We call that "builder's crack",
for obvious reasons!

So, all in all the decluterring is going pretty well and I'm already thinking about what small pieces of furniture I'll want in the big bathroom when it's finished. Then I had something of a brainwave and realized I could probably take a small chest of drawers out of the third bedroom and use that in the bathroom, i.e. shop from home. I mean, it's not like if anyone was staying in that room they'd be able to use that piece of furniture - because it's full of what I call my "travel junk"! So having completed the cupboards by the front door, next on the list is the small bedroom and the "travel junk" unit! 

André sent me a "happy new year" text from Italy and when I asked him how it had gone (with the young woman he met in Thailand) he sent back a flood of photos showing him out with her and her friends watching the fireworks on new year and having dinner with her family.
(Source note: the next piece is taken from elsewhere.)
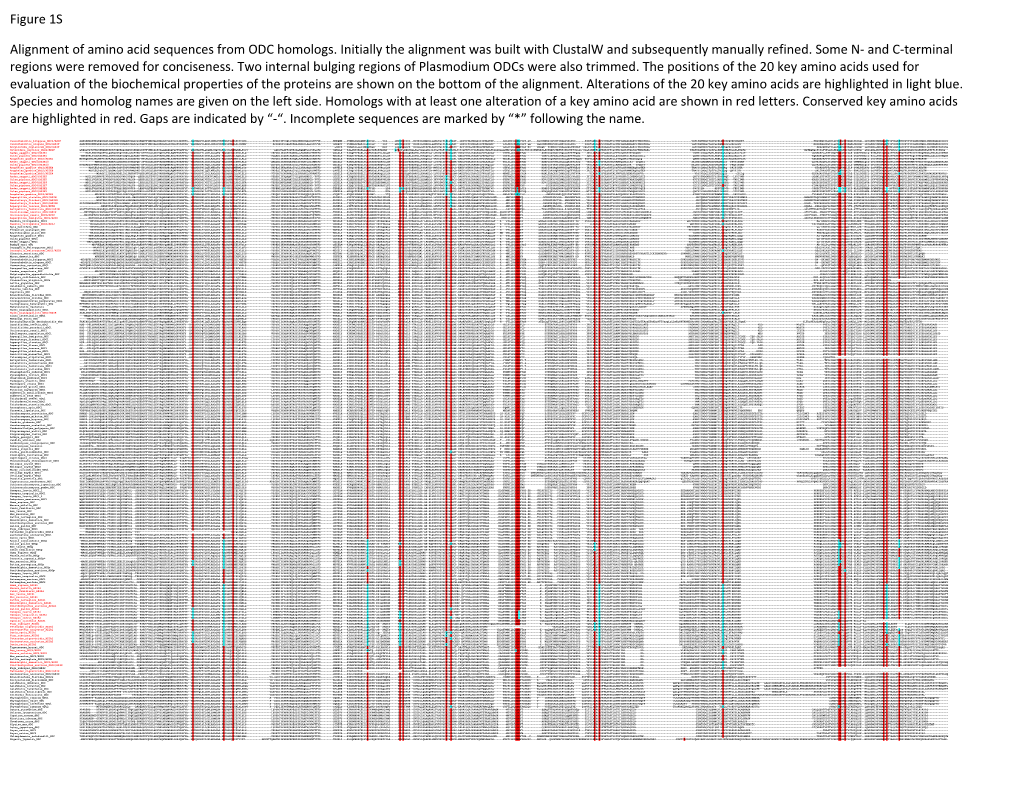 Part of Plasmodium Sequence Trimmed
He hit it off really well with her dad, who kept cracking open the champagne and wine, so two sore heads later they are apparently now best buddies! She lives just south of La Spezia, which is where you catch the taxi ferries to get to Cinque Terre - so a beautiful part of the country!

Cinque Terre!

They got along well so Bekka is coming up here around 18th January so we'll all get to meet her. I'm still working on my Italian lessons (and still enjoying it) but obviously my Italian remains very limited. But hey, did anyone ever see that episode of Friends where a door-to-door salesman tries to sell Joey a complete set of the Encyclopaedia Britannica but Joey only has enough money to buy one volume? He picks the volume covering the letter "V" and so tries to keep bringing the topic of conversation round to "Venus" (and they switch to talking about the Mars landing), and then the Vietnam war - at which point Monica starts talking about the Korean war, so he never gets to show off his knowledge. I reckon if I can keep the topic of conversation on her "big dog" (assuming she has one), whether she'd "like a new black backpack", or asking directions to the market and "is it really cheap", she'll be dead impressed! Watch this space!